I want to thank you for being Finn’s kindergarten teacher. When we got that letter in the mail telling us who his teacher was going to be I immediately started to worry. Would she be nice? Would Finn like her? Would she like him? And when I put him on the bus that first day I cried. I admit it, I bawled my eyes out. I partly blame the pregnancy hormones but mostly I was just sad. Sad that he was growing up so fast, sad that he would now spend the majority of his time during the week away from home, sad that I would miss him every day. I was scared that I was sending him to kindergarten too young, that everyone would be bigger than him, smarter than him, that he would get picked on and I wouldn’t be there to protect him. It was hard.
But, he came home that first day and he said how much he loved it. And he told me about you, and all the fun things you guys did. He talked about “filling buckets” and reading books and going to lunch. And then after a week he got off the bus and he called me “Mrs. Pierce”, we both laughed and I asked him if he ever called you “Mommy” by accident. He shrugged his shoulders a little and smiled, said that he did, that everyone did. And it hit me, YOU are their Mom Away From Mom. This first time stepping out all day, all alone, you are the one that wipes away their tears, tells them its okay if they wet their pants, make them feel okay if they are scared. And it’s a huge responsibility, because you didn’t do it just for Finn, you did it for all of his classmates. Every day. ALL OF THEM. At once. You deserve some sort of medal or monument in your honor.
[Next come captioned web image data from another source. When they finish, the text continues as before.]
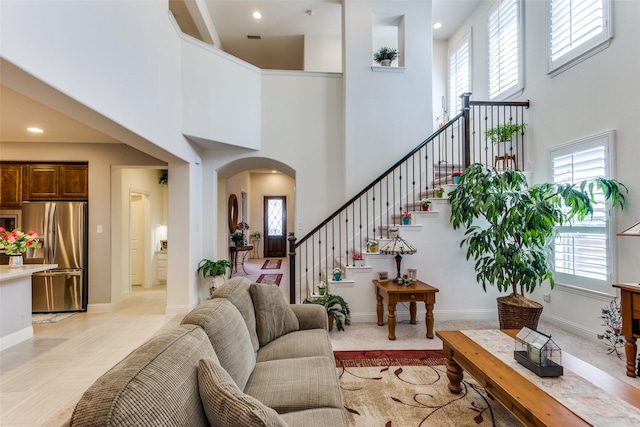 living area featuring arched walkways, plenty of natural light, and a high ceiling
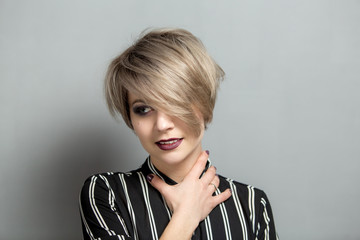 Portrait of young beautiful blonde woman with short hair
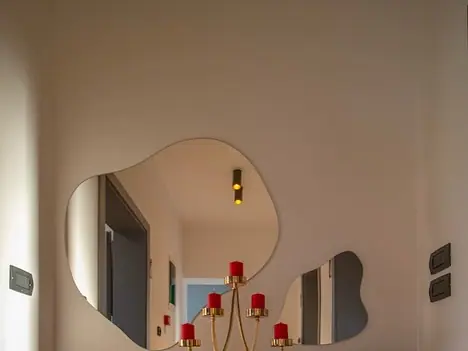 Irregular wall mirror reflecting red candle candelabra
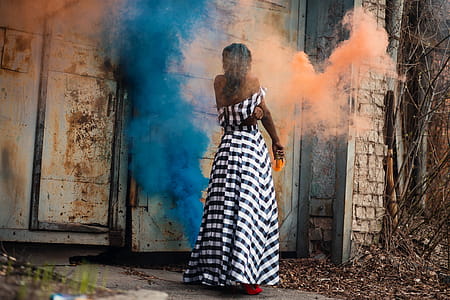 Woman Standing on Orange and Blue Smoke thumbnail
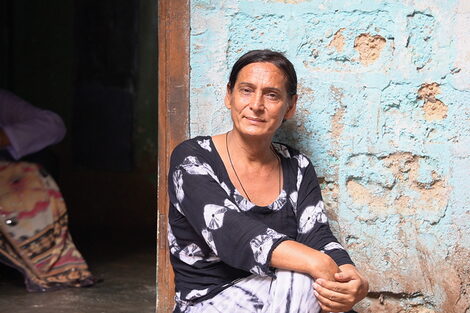 A person in light, summery clothing sits in front of a house entrance and smiles gently into the camera.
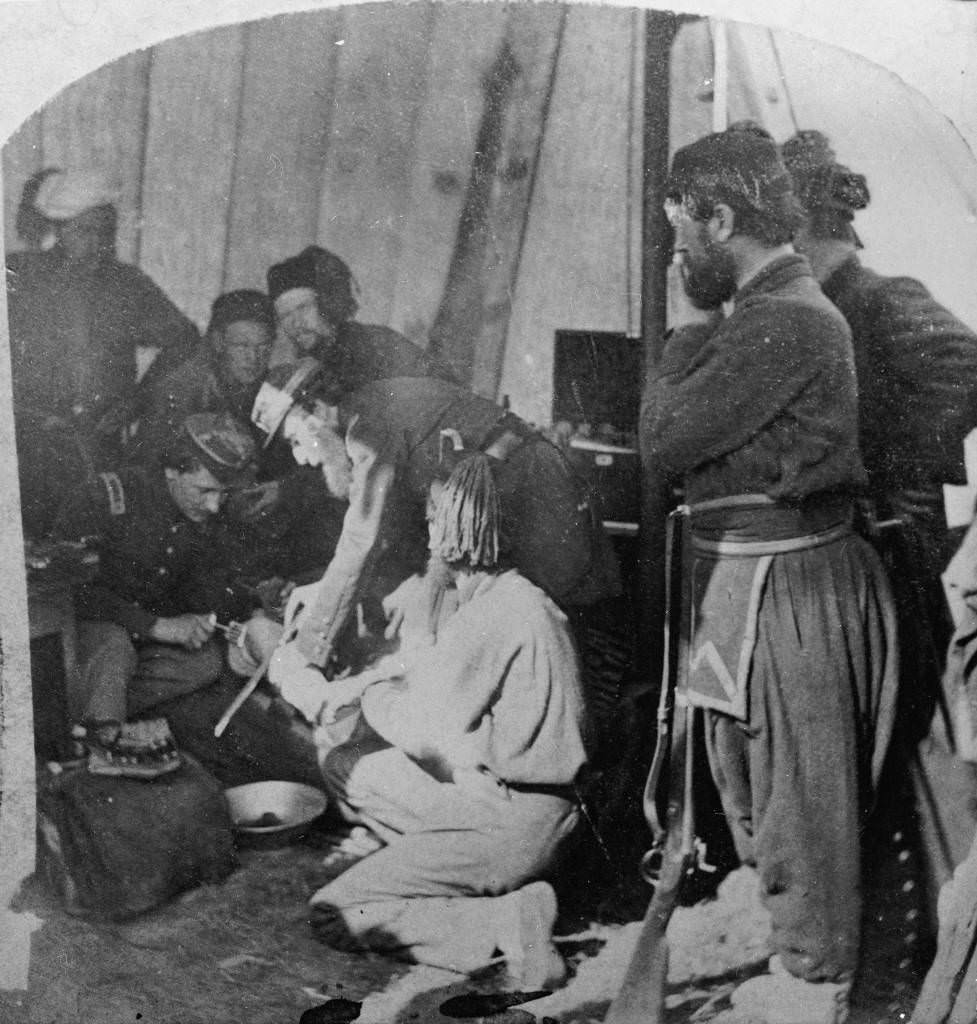 Army doctors performing an amputation in a make-shift hospital during the U.S. Civil War (1861-65), 1863.
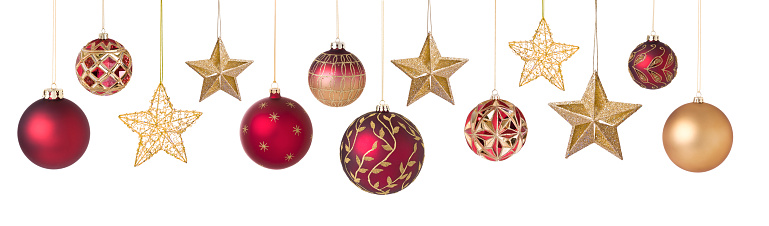 Christmas red and gold baubles and stars  isolated on white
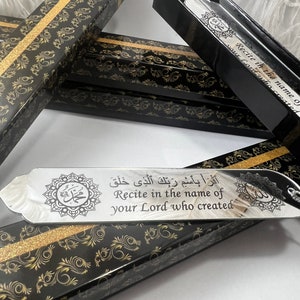 May include: A silver bookmark with a black background and gold accents. The bookmark features an Arabic inscription that reads "Recite in the name of your Lord who created." The bookmark is in a black box with a gold pattern.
What amazed me the most was how much he learned. How much I can actually see his progress. Last night I let him read the book before bedtime, and he read Frog and Toad. The entire thing. The only word he missed was “scratched”. I teared up, because here was this little boy who did not read at all when I put him on the bus that first day and could only write his name and now he reads, and writes, and knows so much. So so much more than I would have been able to teach him. He has changed, he has progressed, he has learned, he has grown so much, and I owe you a million thanks for being a huge part of that. If you think your influence is small you are wrong. The impact you have made on Finn will last a lifetime because you have started him off on a positive path of learning, of wanting to learn.
You took care of my little four year old turned five year old all year, and you did an amazing, incredible job. I wish we could have you for first grade. When I said in the beginning thank you for being Finn’s teacher what I should have said was just thank you for being a teacher. You were clearly made to do this job and you’re excellent at it. I wish they could all be like you, this family is going to miss you.